My initial response was that you’d want to just pour the output through a grep -v, or, if you want to get fancy and use a regular expression, grep -vE. Like this:
du * | grep -vE ‘(/usr/|/bin/|/mnt/)’
which would give you an exhaustive output of disk usage by directory, but would skip any directories that matched the pattern /usr/ or /bin/ or /mnt/
It answered the question, but the intent of the person, however, was to also speed up the disk usage calculation itself; what he really wanted was to mask the directories within the du command. As he asked: “Would that skip retrieving the disk usage for any of those
directories, or simply skip displaying the disk usage? The main problem
with retrieving the information on those directories is that it can take a
lot time.”
It doesn’t skip getting the information, you’re right. If you want to do
that, then you need to explicitly list the directories you DO want to know
about. One way to do that, though, is to drop a list of all directories in
the current location into a file, then edit it to be what you want.
Something like this:
find . -mindepth 1 -maxdepth 1 -type d -print > .localdirs
then edit the results to match your needs. Whenever you want to run the
du, use:
$ du -s $(cat .localdirs)
Or, if you’re a backtick sort of person:
$ du -s `cat .localdirs`
I hope that helps you solve your problem!
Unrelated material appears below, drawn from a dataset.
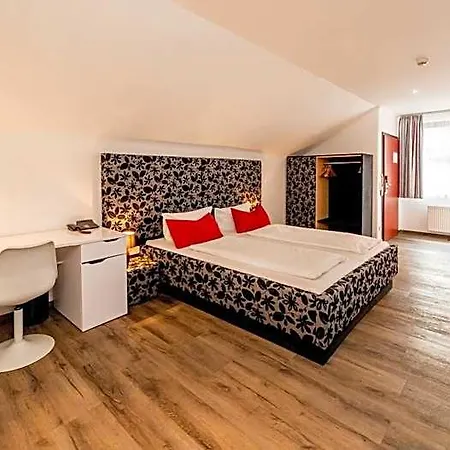 Hotel Arthotel 3*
How Do I Skip Certain Directories In “du” Output?
On a mailing list I’m on, someone asked an interesting question about the du command: “I want to figure out how much disk space I’m using in different directories, but I don’t know how to exclude certain directories from the…
Great data! Thanks for the update. Even better, the -I flag is a mask, so you can have a simple pattern (well, sequence of characters) that will mask more than one directory. However, that’s a potential problem too, because -I admin would also block a folder called MyAdminTools and similar…
Add a “-I foldername” (that’s minus-capital-i) to the du command for each folder to skip:
brighthold:~ % du -s admin
320760 admin
brighthold:~ % du -s admin/tcsh
448 admin/tcsh
brighthold:~ % du -s -I tcsh admin
320312 admin
Notice that the result of the last du (320,312) is the size of admin (320,760) minus the size of tcsh (448).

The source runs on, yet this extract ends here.